IJN gunboat CHOKAI in 1889.jpg
Japanese gunboat Chōkai at Sasebo, 1889
History
Empire of Japan
Name: Chōkai
Ordered: 1883
Builder: Ishikawajima-Hirano Shipyards
Laid down: 25 January 1886
Launched: 20 August 1887
Commissioned: 27 December 1888
Decommissioned: 1 April 1908
Stricken: 23 May 1911
Fate: scrapped 1912
General characteristics
Class and type: Maya-class gunboat
Displacement: 614 long tons (624 t)
Length: 47.0 m (154.2 ft)
Beam: 8.2 m (26 ft 11 in)
Draught: 2.95 m (9 ft 8 in)
Propulsion:
  • reciprocating steam engine
  • 2 shafts, 2 boilers
  • 950 hp (710 kW)
Speed: 11.0 knots (12.7 mph; 20.4 km/h)
Range: 60 tons coal
Complement: 104
Armament:
  • 1 × 210 mm (8 in) guns
  • 1 × 120 mm (4.7 in) guns
  • 2 × 25 mm (0.98 in) Nordenfelt guns
Service record
Operations:

Chōkai (鳥海) was an iron-hulled, steam gunboat, serving in the early Imperial Japanese Navy.[1] She was the second vessel to be completed in the four vessel Maya class, and was named after Mount Chōkai in between Yamagata and Akita Prefectures.

Background

Chōkai was an iron-hulled, two-masted gunboat with a horizontal double expansion reciprocating steam engine with two cylindrical boilers driving two screws.[2] She also had two masts for a schooner sail rig.

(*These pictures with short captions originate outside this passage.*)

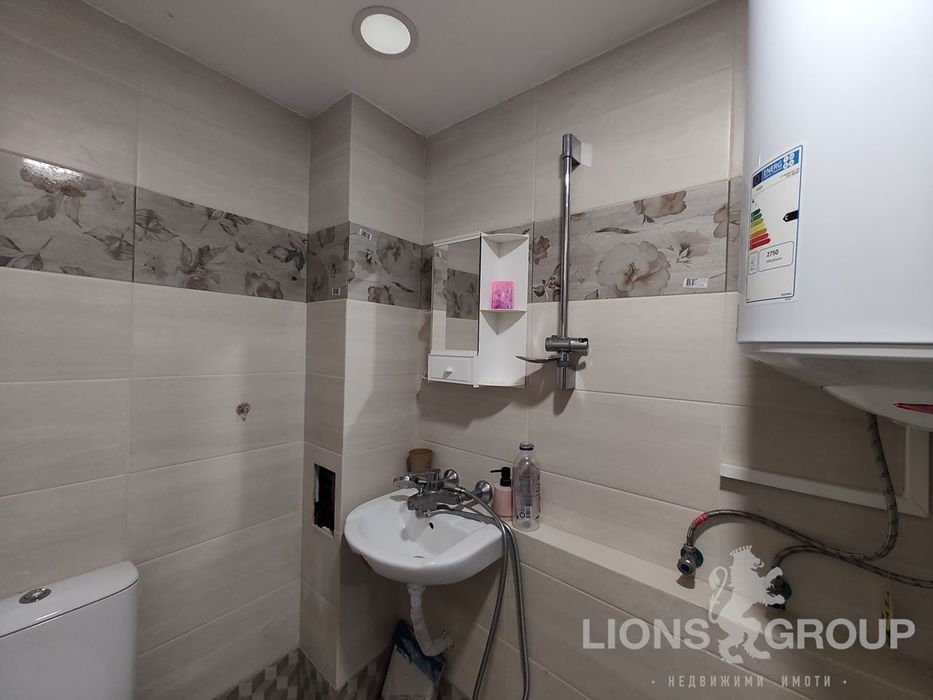 Продава се Къща в Варна, Галата - 202 кв.м за 707 €/кв.м - Снимка #5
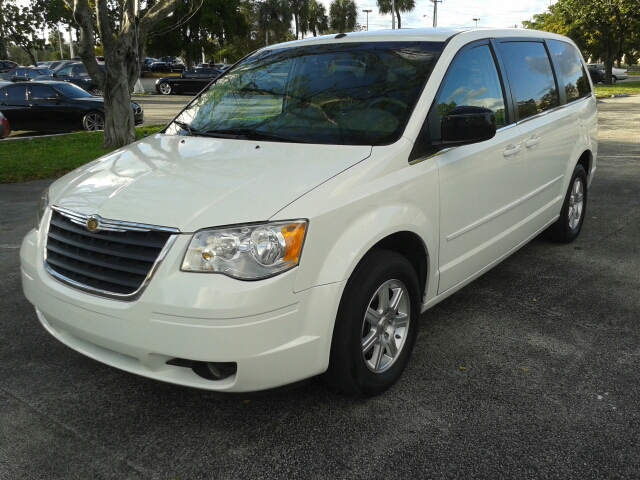 2008 Chrysler Town and Country 3.5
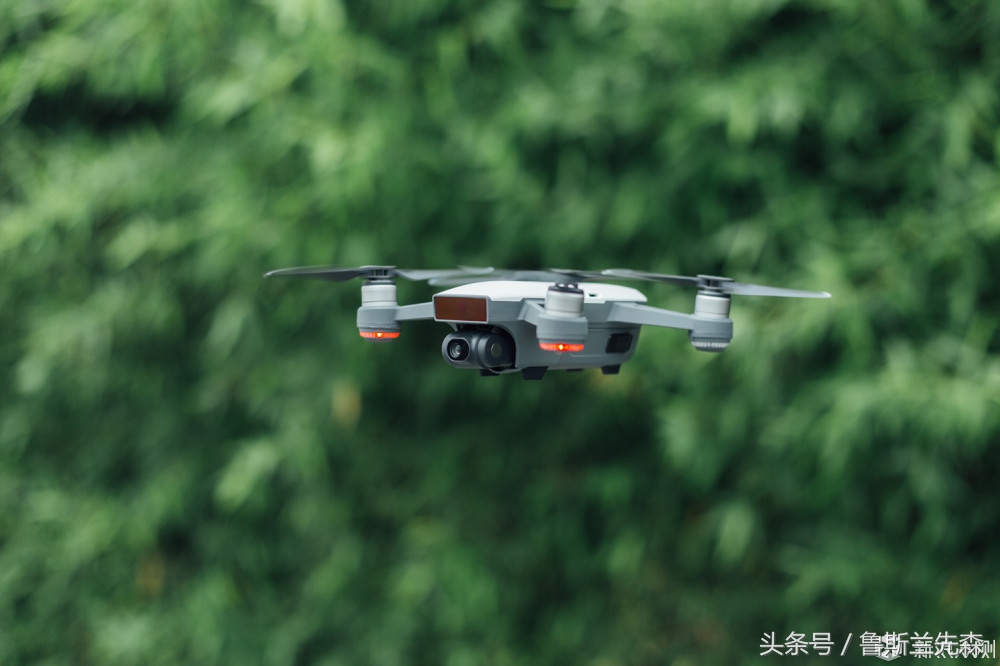 大疆精灵航拍机,大疆晓对比大疆精灵3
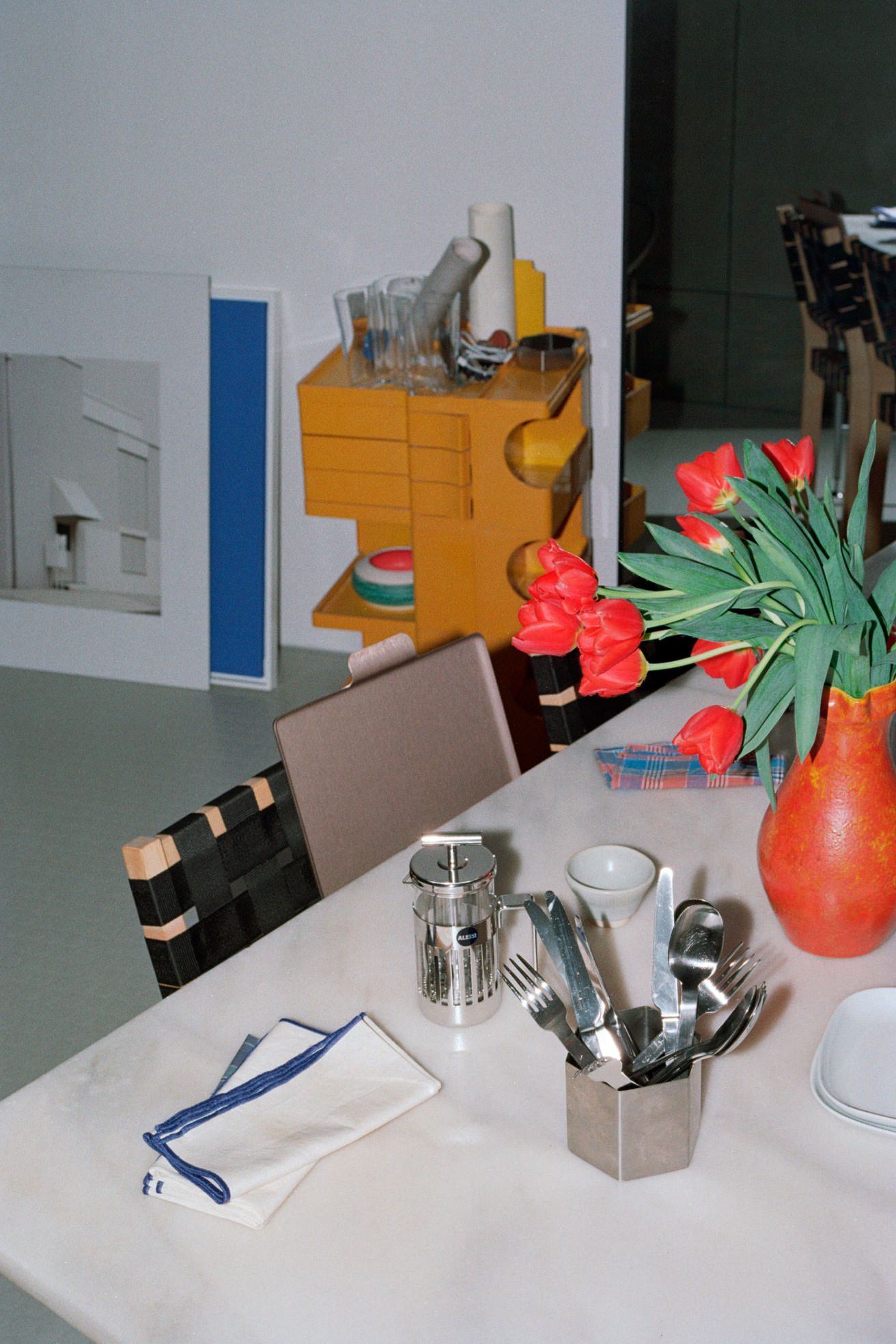 马德里现代 Studiolo 公寓丨西班牙马德里丨Hanghar-51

Chōkai was laid down at the Ishikawajima-Hirano Shipyards in Tokyo on 1 January 1886 and launched on 20 August 1887. She was completed on 27 December 1888.[3]

Operational history

Chōkai was captained by Lieutenant Commander Kamimura Hikonojō from October 1893 to June 1894. Chōkai saw combat service in the First Sino-Japanese War under the command of Lieutenant Commander Tōgō Masamichi, patrolling between Korea, Dairen and played a role at the Battle of Weihaiwei. On the night of 5 February, Chōkai participated in a night operation with Atago, in which the gunboats made a feint attack on the north entrance to the harbor as a diversion while torpedo boats attacked from the east entrance, sinking the Chinese battleship Dingyuan and damaging the cruiser Laiyuan. After the surrender of China, Atago and Chōkai remained at Weihaihei as part of the Japanese occupation force.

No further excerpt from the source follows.